The claims, the minister said in a statement by his media office, signed by Emmanuel Nzomiwu, were made by the Director General of Progressives Governors Forum (PGF), Salihu Lukman.Ngige, who expressed disappointment at the PGF DG’s comments, described the statement credited to Lukman as “nauseating, malicious and nonsensical”.

According to him, the PGF DG must have spoken either out of ignorance or malicious intent to smear the ministers “who had put in sleepless nights, engaging in meaningful negotiations, to ensure industrial peace in the Health sector at this critical period of COVID-19 pandemic”.

Ngige added: “It is shocking and outrageously incredible for somebody in his right mind to say that the two ministers, who are both experienced medical doctors, were unable to proactively pre-empt strikes in the Health sector.”

The minister contended that there was no strike notice from NARD, in accordance with the Trade Disputes Act, as there was nothing like resumption of a suspended strike.Hence, he added, invoking Section 43 of the Act, which states in part that for the period a worker withdraws his services, his employers have the right not to pay his wages, is in order.

“Mr. Lukman has, therefore, displayed his shallow knowledge of labour dispute resolution and management by alleging that Ministers Ngige and Ehanire could have proactively stopped this strike and even went further to castigate Ngige over the Kaduna State government/NLC dispute, which led to a four-day strike,” the statement said.

Ngige maintained that as essential workers, resident doctors are not expected to go on strike without giving at least 15 days’ notice to the minister.

He said: “Ab initio, on January 31, 2021, NARD issued a notice of strike detailing their demands and were invited by the minister with the first meeting held in February; in further meetings, their employers, the Ministry of Health, was invited.“These meetings culminated in signing of a Memorandum of Action (MOA) on March 31, 2021.

The NARD President fell ill during the discussion and left, but his Deputy and Secretary signed the MOA. They were happy and the government agreed to look at this MOA. To the chagrin of all, by April 1, same NARD declared a strike, worse on the eve of Easter.

“They were brought back and expressed misgivings in some areas in the MOA and re-negotiation started.

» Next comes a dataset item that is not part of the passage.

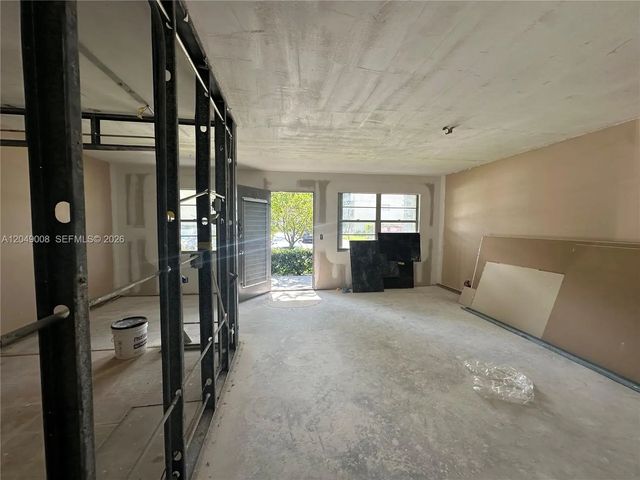 4 of 32 - 101 Sw 132nd Way #112j, Pembroke Pines, FL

They also accepted that some of the issues they held were in error. So, by April 9, both the government and NARD signed an addendum to areas of the resident doctors’ concern and fixed timelines for those things to be actualised, and they were all actualised.

He added: “They (doctors) submitted names and payment started. NARD, however, claimed that about 114 house officers from that stream have not been paid nationally, out of over 40 hospitals that are Federal Government-owned.

This is not inclusive of state-owned hospitals.“Unfortunately, all the blames are being heaped on the Federal Government. Some of the 114 are people who have supplied details that are not correct. But 114 is an infinitesimal number. Of course, they have been asked to resubmit these details.”

On the issue of those removed from the scheme of service, the minister noted that house officers had never been on the scheme of service, which is a career path for doctors in the civil service which ought not include internship doctors who may decide not to practise at the end of their training.